High Cost of Cancer Drugs

by | Nov 9, 2022 | ACKC Investigates

In 2006, Mike from Pennsylvania was diagnosed with advanced kidney cancer that had spread to his ribs.  His doctor prescribed Sutent (sunitinib), at the time, a newly approved Pfizer drug, which cost $179 for a 50 mg pill. The dosage for Sutent is one pill daily for 28 days followed by a 14-day break, making the cost for one cycle of therapy $5,012. That amounted to $43,437 per year, mostly paid for by Mike’s insurance company.

Sutent was the gold standard for treatment of metastatic renal cell carcinoma for 10 years, with the seminal trial for the drug exhibiting an 11-month progression-free survival and 26 months of median overall survival in kidney cancer patients. It has also been approved by the FDA for metastatic GIST (gastrointestinal stromal tumor) and a form of pancreatic cancer. Overall, it has been a very profitable drug in Pfizer’s inventory bringing in over $1.1 billion in revenue in 2014.

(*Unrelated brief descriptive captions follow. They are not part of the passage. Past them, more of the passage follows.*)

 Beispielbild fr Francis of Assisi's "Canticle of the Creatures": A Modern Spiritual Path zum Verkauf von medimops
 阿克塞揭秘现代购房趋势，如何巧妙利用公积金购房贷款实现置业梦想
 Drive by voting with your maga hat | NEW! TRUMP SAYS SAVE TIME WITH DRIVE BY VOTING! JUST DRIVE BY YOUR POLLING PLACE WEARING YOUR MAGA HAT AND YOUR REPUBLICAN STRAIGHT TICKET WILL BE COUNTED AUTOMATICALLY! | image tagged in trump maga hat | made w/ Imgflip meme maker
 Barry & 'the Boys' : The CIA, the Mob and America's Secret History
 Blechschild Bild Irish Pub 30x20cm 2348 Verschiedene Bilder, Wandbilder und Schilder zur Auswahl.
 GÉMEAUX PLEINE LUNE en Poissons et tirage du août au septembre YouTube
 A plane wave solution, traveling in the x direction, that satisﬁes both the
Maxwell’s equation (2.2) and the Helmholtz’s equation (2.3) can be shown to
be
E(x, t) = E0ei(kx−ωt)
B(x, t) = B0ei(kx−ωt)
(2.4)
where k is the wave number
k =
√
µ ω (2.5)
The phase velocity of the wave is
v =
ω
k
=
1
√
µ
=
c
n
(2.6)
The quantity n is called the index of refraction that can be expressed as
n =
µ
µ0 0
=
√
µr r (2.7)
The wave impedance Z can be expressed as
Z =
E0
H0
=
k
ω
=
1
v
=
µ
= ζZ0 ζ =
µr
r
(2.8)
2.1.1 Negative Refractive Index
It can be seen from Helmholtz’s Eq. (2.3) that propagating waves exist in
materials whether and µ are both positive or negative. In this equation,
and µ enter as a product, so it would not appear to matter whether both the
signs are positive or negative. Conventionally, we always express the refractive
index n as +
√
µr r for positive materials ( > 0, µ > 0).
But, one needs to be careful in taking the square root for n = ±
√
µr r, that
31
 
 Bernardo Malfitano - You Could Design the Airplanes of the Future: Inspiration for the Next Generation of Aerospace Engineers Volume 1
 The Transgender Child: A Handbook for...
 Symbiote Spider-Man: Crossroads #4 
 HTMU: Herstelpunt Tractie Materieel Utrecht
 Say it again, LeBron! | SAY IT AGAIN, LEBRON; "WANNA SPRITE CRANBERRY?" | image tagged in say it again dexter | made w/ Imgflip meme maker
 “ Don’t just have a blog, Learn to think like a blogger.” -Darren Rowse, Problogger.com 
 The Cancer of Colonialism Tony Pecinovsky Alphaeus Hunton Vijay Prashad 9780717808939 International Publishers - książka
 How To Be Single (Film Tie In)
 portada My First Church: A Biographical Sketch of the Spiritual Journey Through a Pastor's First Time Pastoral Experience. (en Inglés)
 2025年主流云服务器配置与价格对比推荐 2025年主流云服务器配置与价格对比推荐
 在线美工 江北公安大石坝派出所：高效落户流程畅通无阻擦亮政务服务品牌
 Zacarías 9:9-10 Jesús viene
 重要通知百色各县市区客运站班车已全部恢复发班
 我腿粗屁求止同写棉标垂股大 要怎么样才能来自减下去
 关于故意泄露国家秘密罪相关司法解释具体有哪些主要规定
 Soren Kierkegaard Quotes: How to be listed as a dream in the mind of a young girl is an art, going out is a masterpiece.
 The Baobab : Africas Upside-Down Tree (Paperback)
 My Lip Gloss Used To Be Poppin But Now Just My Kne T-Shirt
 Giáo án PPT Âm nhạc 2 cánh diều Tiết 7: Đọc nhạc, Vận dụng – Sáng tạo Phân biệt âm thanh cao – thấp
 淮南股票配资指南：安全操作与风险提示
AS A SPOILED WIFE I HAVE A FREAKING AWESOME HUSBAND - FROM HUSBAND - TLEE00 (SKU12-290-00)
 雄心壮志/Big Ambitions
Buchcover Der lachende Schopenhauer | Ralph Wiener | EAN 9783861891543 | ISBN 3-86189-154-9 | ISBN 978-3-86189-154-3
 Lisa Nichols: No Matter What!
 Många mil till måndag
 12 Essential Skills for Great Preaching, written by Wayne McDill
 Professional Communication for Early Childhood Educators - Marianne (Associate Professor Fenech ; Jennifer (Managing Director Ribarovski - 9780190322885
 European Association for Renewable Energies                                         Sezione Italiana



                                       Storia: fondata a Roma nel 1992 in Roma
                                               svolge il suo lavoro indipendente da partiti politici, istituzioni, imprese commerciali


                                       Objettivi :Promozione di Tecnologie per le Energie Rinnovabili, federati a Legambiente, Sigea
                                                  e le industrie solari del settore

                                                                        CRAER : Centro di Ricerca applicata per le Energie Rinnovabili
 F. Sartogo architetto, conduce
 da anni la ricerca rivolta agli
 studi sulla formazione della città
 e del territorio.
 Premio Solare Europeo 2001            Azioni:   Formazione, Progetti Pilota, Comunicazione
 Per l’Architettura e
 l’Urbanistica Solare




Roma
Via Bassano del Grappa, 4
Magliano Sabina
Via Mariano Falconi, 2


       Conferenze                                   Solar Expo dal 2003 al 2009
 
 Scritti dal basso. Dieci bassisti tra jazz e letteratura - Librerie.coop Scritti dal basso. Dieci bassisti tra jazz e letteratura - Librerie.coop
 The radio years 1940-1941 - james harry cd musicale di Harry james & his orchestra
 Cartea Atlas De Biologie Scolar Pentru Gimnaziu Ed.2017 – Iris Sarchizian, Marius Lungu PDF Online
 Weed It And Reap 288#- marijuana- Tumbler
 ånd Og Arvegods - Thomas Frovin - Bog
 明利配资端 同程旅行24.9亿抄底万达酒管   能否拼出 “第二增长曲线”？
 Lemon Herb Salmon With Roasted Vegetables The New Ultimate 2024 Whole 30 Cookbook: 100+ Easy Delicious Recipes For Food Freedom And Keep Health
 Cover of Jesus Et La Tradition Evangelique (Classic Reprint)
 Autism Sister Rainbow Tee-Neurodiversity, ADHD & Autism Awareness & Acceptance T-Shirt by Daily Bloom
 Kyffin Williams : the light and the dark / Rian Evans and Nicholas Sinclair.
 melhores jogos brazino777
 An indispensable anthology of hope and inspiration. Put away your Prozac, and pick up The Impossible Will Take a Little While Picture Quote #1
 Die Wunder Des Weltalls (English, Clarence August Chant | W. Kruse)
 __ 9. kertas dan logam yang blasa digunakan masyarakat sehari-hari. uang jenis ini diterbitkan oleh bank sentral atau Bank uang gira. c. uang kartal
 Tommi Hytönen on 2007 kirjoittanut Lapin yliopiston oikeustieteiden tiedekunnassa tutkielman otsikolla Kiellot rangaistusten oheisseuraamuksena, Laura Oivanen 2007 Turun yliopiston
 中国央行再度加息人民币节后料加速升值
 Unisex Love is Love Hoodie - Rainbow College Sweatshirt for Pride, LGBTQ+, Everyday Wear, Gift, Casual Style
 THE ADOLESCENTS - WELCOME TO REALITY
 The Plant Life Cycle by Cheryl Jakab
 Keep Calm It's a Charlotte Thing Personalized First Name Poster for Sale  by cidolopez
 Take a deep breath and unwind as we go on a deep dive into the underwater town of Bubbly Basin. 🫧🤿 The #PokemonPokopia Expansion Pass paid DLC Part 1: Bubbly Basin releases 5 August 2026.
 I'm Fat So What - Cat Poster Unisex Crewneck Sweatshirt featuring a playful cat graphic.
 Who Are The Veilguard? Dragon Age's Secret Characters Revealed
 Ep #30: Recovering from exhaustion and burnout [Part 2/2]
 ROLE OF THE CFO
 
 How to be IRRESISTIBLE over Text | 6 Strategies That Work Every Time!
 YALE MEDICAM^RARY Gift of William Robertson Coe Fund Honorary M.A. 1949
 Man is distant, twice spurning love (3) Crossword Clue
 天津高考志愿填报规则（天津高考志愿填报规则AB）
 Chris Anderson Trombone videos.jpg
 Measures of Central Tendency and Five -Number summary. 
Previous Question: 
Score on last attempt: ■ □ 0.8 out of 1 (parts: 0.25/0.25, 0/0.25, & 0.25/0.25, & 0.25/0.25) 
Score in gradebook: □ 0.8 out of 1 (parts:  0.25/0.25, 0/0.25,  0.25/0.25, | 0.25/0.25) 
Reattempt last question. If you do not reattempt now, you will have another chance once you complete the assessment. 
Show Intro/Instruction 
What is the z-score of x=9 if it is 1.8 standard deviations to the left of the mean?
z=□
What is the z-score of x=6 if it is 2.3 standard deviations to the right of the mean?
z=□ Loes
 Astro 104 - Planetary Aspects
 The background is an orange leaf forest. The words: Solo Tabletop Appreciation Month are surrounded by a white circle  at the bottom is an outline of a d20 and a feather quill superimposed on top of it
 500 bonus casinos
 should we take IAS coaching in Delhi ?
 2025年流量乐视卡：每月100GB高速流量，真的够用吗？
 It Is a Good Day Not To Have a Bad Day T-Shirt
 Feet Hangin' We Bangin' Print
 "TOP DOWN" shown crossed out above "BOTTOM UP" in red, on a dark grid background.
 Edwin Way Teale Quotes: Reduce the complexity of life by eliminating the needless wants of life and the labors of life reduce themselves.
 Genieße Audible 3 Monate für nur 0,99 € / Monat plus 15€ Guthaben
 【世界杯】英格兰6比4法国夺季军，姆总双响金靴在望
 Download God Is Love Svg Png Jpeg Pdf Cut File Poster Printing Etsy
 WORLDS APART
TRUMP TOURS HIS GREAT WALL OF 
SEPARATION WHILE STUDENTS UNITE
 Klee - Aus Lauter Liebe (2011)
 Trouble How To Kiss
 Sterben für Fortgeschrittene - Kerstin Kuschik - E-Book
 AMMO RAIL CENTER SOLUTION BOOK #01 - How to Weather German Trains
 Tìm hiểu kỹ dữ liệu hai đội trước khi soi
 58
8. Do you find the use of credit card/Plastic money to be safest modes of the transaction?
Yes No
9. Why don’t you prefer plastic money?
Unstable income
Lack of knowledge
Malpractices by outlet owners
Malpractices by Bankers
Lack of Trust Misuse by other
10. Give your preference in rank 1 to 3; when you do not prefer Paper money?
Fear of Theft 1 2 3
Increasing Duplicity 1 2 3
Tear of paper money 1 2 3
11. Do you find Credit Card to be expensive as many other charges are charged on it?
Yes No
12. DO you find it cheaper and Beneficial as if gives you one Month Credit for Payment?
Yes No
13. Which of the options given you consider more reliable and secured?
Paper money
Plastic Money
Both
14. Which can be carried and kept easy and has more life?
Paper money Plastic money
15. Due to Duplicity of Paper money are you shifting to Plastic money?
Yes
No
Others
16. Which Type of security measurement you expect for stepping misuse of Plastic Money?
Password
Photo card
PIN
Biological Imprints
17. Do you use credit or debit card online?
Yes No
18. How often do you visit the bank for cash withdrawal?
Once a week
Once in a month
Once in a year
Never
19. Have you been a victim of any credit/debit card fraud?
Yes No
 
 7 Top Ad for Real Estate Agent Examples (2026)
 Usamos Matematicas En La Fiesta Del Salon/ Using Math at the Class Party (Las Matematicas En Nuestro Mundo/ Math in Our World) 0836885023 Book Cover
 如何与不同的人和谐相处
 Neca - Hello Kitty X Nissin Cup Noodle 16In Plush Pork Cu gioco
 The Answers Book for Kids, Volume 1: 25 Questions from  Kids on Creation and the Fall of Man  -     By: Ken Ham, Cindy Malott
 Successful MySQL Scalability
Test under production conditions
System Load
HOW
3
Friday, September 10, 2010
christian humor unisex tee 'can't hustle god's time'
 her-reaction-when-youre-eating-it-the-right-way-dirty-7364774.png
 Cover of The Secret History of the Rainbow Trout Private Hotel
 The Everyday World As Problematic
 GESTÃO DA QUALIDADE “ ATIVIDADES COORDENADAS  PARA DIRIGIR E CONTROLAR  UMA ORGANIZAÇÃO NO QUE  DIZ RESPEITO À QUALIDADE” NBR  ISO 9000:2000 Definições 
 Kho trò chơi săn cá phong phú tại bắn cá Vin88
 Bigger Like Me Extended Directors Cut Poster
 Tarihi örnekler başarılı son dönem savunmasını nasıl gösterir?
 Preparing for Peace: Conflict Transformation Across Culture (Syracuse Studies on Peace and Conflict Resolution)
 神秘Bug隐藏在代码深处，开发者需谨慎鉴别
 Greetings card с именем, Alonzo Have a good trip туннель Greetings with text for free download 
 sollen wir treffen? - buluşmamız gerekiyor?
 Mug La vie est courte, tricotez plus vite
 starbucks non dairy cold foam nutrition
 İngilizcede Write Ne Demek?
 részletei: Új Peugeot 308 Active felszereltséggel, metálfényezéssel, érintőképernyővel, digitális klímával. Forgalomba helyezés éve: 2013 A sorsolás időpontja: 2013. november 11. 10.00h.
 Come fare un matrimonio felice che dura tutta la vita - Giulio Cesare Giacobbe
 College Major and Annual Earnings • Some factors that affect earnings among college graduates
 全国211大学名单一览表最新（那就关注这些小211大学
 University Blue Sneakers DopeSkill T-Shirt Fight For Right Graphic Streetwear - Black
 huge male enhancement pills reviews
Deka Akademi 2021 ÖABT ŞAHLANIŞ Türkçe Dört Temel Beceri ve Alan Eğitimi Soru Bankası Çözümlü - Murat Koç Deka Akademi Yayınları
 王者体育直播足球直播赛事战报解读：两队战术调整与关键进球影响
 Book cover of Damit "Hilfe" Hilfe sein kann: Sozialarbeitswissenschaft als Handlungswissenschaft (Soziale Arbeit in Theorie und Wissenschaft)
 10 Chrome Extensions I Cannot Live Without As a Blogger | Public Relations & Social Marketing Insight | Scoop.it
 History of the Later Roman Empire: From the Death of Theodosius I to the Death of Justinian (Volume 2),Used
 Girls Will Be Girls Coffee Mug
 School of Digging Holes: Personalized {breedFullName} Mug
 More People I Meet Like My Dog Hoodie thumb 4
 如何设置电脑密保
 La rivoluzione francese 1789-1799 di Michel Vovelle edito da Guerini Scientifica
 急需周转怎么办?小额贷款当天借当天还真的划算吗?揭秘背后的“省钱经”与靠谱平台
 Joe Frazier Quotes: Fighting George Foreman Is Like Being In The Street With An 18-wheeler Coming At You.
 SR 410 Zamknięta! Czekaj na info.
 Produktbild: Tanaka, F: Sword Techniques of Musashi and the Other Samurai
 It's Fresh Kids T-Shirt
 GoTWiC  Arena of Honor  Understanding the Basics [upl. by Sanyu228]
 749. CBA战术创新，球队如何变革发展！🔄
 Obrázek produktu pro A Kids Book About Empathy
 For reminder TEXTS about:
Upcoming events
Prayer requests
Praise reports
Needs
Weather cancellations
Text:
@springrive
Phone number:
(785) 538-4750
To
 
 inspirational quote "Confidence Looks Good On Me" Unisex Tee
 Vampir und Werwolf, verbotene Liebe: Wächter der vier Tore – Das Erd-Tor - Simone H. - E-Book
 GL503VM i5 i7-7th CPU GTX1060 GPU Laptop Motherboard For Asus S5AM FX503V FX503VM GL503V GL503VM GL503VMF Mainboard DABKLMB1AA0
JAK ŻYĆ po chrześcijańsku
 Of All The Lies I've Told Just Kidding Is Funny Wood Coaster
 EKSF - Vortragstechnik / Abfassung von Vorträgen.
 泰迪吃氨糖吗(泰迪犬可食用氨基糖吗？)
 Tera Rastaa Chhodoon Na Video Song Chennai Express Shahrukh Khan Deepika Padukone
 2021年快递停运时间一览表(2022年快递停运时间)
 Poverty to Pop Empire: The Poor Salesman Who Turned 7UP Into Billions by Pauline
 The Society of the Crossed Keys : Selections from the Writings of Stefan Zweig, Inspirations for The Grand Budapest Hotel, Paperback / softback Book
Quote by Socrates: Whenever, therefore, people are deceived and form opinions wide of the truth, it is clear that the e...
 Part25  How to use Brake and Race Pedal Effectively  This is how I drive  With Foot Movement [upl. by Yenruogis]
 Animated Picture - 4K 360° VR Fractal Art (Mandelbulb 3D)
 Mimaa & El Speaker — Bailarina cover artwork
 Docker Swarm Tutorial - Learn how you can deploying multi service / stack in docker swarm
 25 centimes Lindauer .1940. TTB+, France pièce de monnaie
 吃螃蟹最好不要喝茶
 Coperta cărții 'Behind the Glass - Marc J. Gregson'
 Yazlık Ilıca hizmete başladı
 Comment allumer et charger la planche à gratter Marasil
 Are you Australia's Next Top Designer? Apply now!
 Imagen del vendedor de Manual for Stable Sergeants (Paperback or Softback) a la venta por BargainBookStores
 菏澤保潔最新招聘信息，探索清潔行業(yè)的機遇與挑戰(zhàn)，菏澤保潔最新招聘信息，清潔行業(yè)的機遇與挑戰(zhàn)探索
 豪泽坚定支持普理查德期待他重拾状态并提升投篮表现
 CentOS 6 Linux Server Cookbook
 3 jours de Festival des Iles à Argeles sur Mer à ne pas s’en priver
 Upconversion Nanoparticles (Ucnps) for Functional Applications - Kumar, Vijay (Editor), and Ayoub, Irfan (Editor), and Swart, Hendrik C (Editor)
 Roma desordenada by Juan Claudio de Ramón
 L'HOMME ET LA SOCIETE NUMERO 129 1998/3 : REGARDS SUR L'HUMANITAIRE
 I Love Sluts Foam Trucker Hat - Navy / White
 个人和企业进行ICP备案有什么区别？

Sutent is a tyrosine kinase inhibitor (TKI), which suppresses blood vessel growth and deprives the tumor of nutrients. Sutent and the many anti-angiogenic, me-too drugs developed by other pharmaceutical companies are also called targeted therapies. These drugs often have early success in fighting metastatic disease, but in a few years the tumor usually develops resistance to the drug and the disease progresses.

In November 2015, a new type of drug was approved by the FDA for treatment of kidney cancer. The immunotherapy Opdivo (nivolumab), made by Bristol-Myers Squibb, was approved in a second-line setting, that is, it is given to patients who had their tumors progress on prior anti-angiogenic therapy, like Sutent. Patients on the trial had a median overall survival of 25 months, which was quite high for second-line patients. In fact, unlike in targeted therapies such as Sutent, in a minority of cases, Opdivo and other immunotherapies following Opdivo in development, have led to long-term, durable responses in patients, especially in combination with TKIs.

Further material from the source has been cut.